Au début des années 1970, après les succès en Europe des films El Topo et La montaña sagrada, le producteur français Michel Seydoux propose au réalisateur Alejandro Jodorowsky de produire son prochain film, lui laissant carte blanche. Jodorowsky se lance alors dans son projet le plus ambitieux : l'adaptation du roman Dune de Frank Herbert publié en 1965.
Stimulé par le roman, il souhaite en faire une expérience spirituelle qui changera la vision des spectateurs, ce projet devenant pour lui un idéal mystique et conceptuel, du fait notamment de la présence dans le roman de l'épice, qu'il relie avec les excès de son époque.
Comme on le sait tous, le projet de Alejandro Jodorowsky ne verra jamais le jour et ce documentaire, sorti en 2013 aux États-Unis et en 2016 en France, nous raconte à travers différentes interviews, la pré-production et l’échec du projet.
Dans Jodorowsky’s Dune, on voit le cinéaste rassembler autour de lui des auteurs qui l'inspirent et qui seront, selon lui, les plus à même de réaliser son projet.
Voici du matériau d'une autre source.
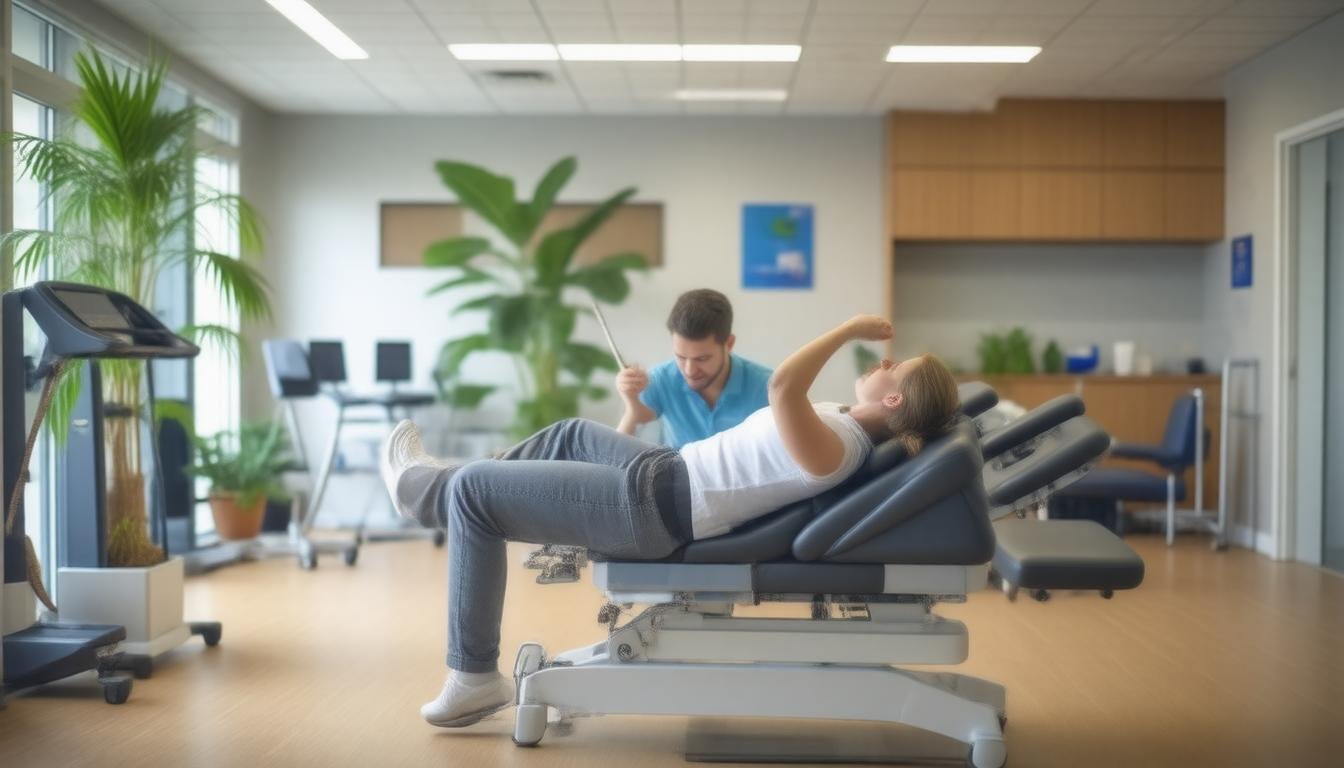 Ontdek de Voordelen van een Kinesist in Zelzate voor Jouw Gezondheid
Il travaille sur les aspects visuels avec Moebius, avec H. R. Giger et avec l'illustrateur Chris Foss, ainsi qu'avec le spécialiste des effets spéciaux Dan O'Bannon.
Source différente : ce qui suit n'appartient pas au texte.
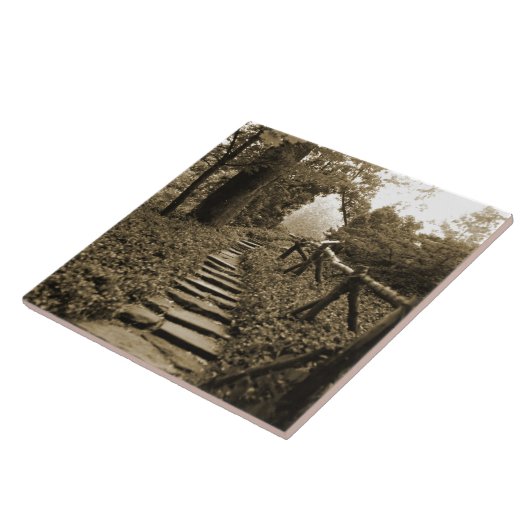 つくべき道 タイル (側面)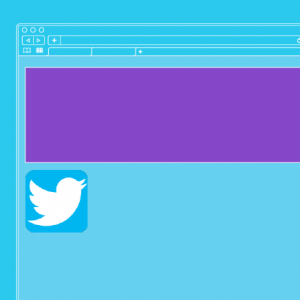 twitter portada diseño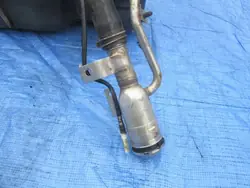 Tuyau de remplissage carburant Ford OE 4x4OE002582
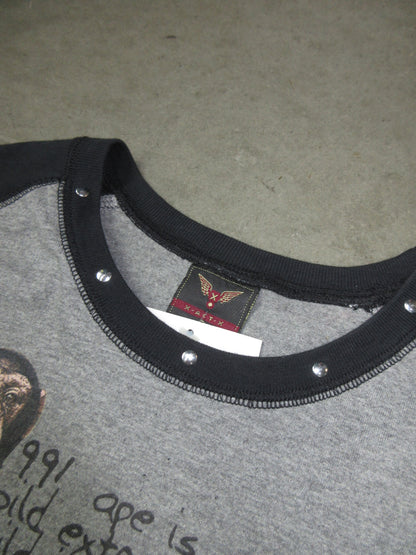 Vintage Design Top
Alejandro Jodorowsky prévoit aussi que la musique serait composée par différents groupes pour chaque planètes. C’est ainsi qu’il contacte Pink Floyd et Magma.
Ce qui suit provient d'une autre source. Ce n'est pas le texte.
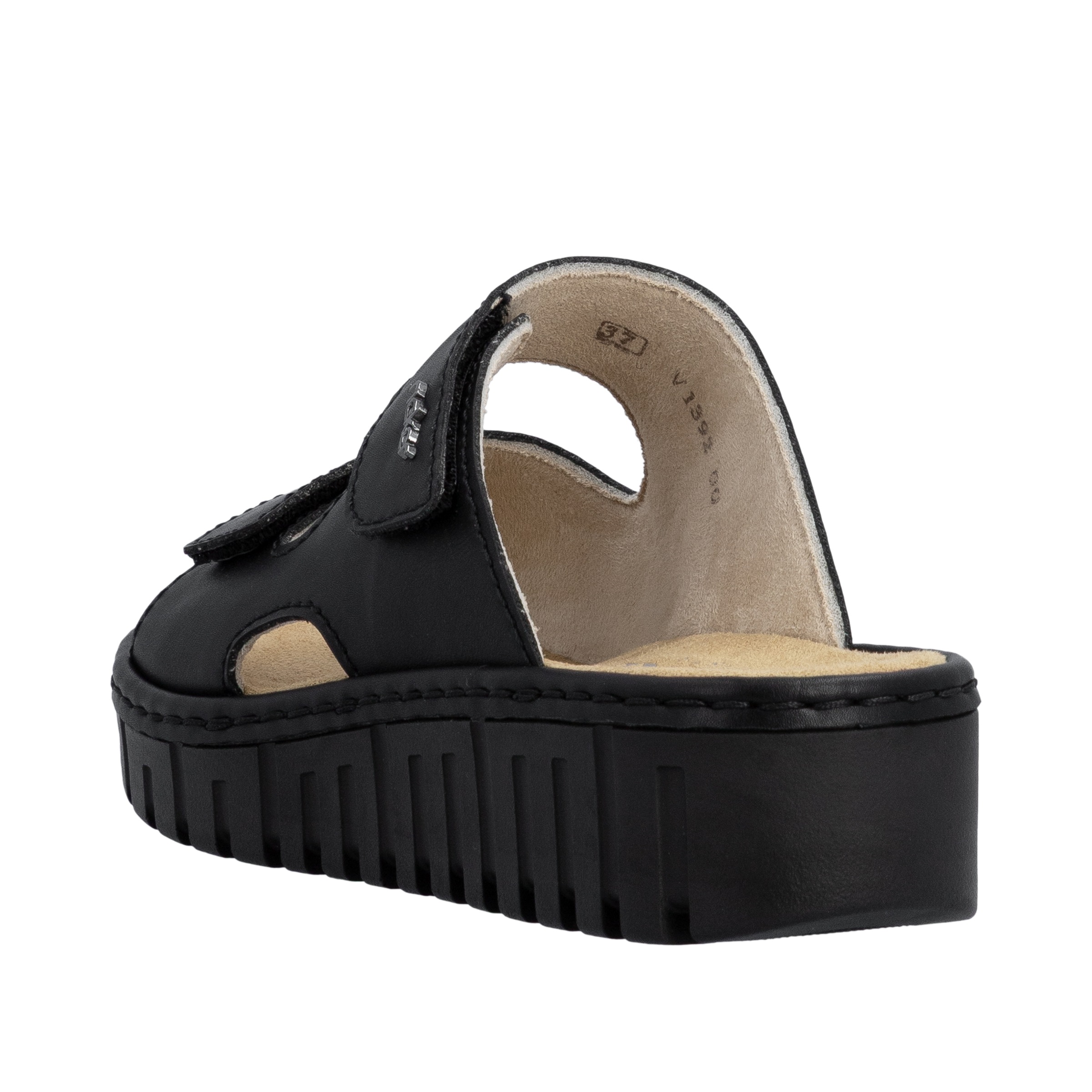 Rieker Mule Black 36 3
Concernant la distribution, elle comprendrait David Carradine, Salvador Dalí, Orson Welles, Mick Jagger, son propre fils Brontis Jodorowsky, et bien d’autres. Alejandro Jodorowsky et Michel Seydoux nous raconte comment ils étaient prêts à satisfaire toutes les demandes si nécessaire, même les plus farfelues du casting.
Alejandro Jodorowsky apporte des modifications à l'histoire originale de Frank Herbert qu'il confesse ne pas respecter, préférant montrer sa vision du roman, et admettant « violer » l'œuvre, mais avec amour. Des propos regrettables quand on a une vague idée de ce qu’il a dit et de ce qu’il a « présumé » fait sur le tournage de El Topo.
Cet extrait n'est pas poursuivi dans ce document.